At first it was difficult to admit to such longings without feeling a bit ethnocentric or even ignorant, but I have realized that this too is part of studying abroad, this too is important, and there is no shame in finding an appreciation for your own culture and way of life.  That is the beauty of study abroad; it enables you to develop a true appreciation and understanding of differing cultures, both foreign and domestic.

Of course, as an exchange student, this process is not always the most enjoyable part of your experience.  At home, it is easy to turn to habitual comforts when you are in a funk, to immeadiately call a friend, visit a favorite retaurant, (or sometimes both simultaneously) to alleviate your melancholy.  Yet when you find yourself far removed from the comforts of home, quite literally a stranger in a strange land, your feelings of isolation are compounded by the fact that you are without your old stand-bys.  You cannot call your friend because it is 3:30 in the morning in the States, and somehow, you have managed to find the one place that Starbucks has not managed to infiltrate.  And suddenly you realize just how much you miss home, and what exactly ‘home’ means. 

I must admit, it wasn’t until I studied abroad in Mexico that I finally began to appreciate what it means to be an American citizen.  And no, I do not mean to suggest that America is superior or that the way of life I am used to living is better than the life I have found abroad.  It is just different.  It is unique.  It is where I feel most comfortable. 

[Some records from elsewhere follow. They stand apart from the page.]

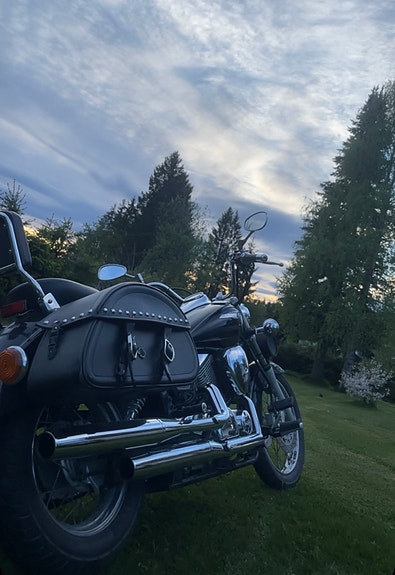 Yamaha XVS 125 Drag Star 2 of 4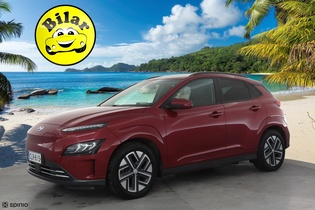 Hyundai Kona vaihtoauto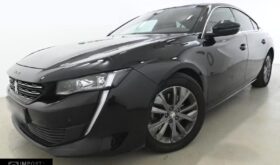 2021 Peugeot 508 Hybrid Allure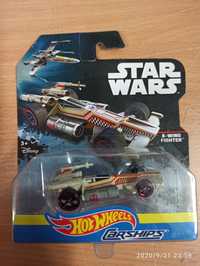 Hot Wheels Carships resorak X-wing fighter DPV26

I am pretty sure most exchange students feel this way at one point or another.  maybe I am wrong.  Regardless, I felt that it would be appropriate to mention for those students looking to study abroad.  No, it is not always sunny beaches and incredible food (unless you are in Italy :).  But you have not failed as an exchange student if you find yourself missing home.  Just try and focus on the good things, appreciate the amusing cultural quirks, and realize that six months goes by extremely quick.   I do not for a moment regret the time I spent in Mexico, and I can guarantee I will feel the same about Peter.